La Corte di Assise di Napoli ha condannato a 23 anni di carcere i fratelli Giorgio e Domenico Scaramella, e Francesco e Antonio Cirillo, padre e figlio, per l’omicidio volontario di Maurizio Cerrato, il vigilante 61enne degli scavi di Pompei ucciso a Torre Annunziata, davanti alla figlia, con una coltellata al cuore, la sera del 19 aprile 2021, dopo una lite per un parcheggio. La Procura di Torre Annunziata, lo scorso 7 marzo, aveva chiesto l’ergastolo per i quattro imputati.
Presente, per la famiglia Cerrato, come in quasi tutte le udienze, la vedova e la figlia della vittima. Era il 19 aprile 2021 quando Maurizio Cerrato fu prima accerchiato e poi accoltellato all’interno di un’area di parcheggio di Torre Annunziata (Napoli). Maurizio, 61 anni, morirà poco dopo, tra le urla della figlia Maria Adriana e la quasi totale indifferenza di chi aveva assistito a quella aggressione (o come lo definì la stessa figlia ‘agguato’), compiuta da quattro soggetti.

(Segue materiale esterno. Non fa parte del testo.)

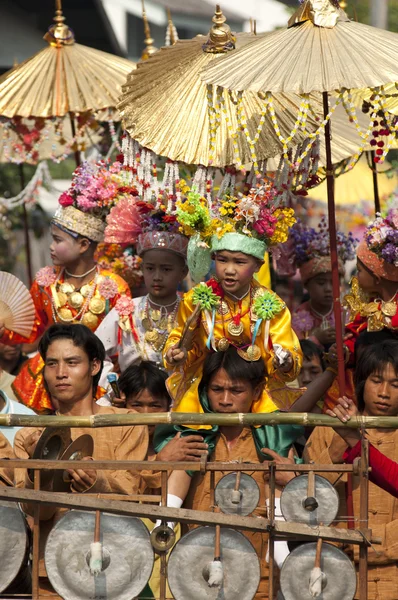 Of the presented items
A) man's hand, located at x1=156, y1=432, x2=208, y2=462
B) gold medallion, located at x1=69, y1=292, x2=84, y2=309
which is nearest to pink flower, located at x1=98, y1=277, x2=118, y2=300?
gold medallion, located at x1=69, y1=292, x2=84, y2=309

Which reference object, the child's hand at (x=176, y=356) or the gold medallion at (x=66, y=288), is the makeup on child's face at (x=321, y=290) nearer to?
the gold medallion at (x=66, y=288)

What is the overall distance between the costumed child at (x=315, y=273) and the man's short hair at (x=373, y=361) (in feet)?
6.65

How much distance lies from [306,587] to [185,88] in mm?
2827

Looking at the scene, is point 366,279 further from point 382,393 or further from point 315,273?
point 315,273

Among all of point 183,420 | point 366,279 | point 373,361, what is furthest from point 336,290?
point 183,420

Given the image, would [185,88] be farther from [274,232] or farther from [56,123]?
[56,123]

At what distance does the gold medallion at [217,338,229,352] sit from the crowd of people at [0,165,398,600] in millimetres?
15

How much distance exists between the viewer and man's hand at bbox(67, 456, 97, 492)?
13.5 ft

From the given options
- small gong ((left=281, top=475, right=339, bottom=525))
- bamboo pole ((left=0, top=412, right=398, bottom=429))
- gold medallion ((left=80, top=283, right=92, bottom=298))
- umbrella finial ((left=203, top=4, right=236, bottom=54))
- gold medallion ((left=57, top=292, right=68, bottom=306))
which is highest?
umbrella finial ((left=203, top=4, right=236, bottom=54))

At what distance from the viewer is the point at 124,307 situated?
644 cm

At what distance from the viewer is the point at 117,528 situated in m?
3.91

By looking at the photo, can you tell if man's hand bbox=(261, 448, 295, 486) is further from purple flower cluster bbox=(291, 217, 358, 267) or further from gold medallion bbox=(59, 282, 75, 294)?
purple flower cluster bbox=(291, 217, 358, 267)

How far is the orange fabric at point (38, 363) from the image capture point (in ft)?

Cerrato pagò con la vita la decisione della ragazza di parcheggiare la propria auto lungo la pubblica via, in un posto occupato da una sedia. Un ‘diritto di prelazione’ cui la ragazza si era ribellata: aveva spostato la sedia e fermato regolarmente la vettura. Al ritorno però aveva trovato uno degli pneumatici bucato.
Alle sue rimostranze era stato affrontata e schiaffeggiata. Per questo aveva deciso di contattare il padre, custode al parco archeologico di Pompei, che era giunto sul posto, aveva notato il clima pesante (tanto da essere costretto a venire alle mani con uno dei condannati, rompendogli gli occhiali, ma si era anche offerto di ricomprarli per riportare la calma), decidendo allora di andare in una vicina area di parcheggio privata per sistemare l’auto della figlia e tornare a casa.
A casa però Cerrato non è mai arrivato: nel parcheggio fu affrontato da più persone, picchiato, nonostante il tentativo di intervento della ragazza, trattenuto e accoltellato al petto. “La sentenza ci lascia un pizzico di delusione: ci aspettavamo l’ergastolo che peraltro era stato chiesto dalla Procura anche con argomentazioni convincenti”, il commento dell’avvocato della famiglia Cerrato, Giovanni Verdoliva.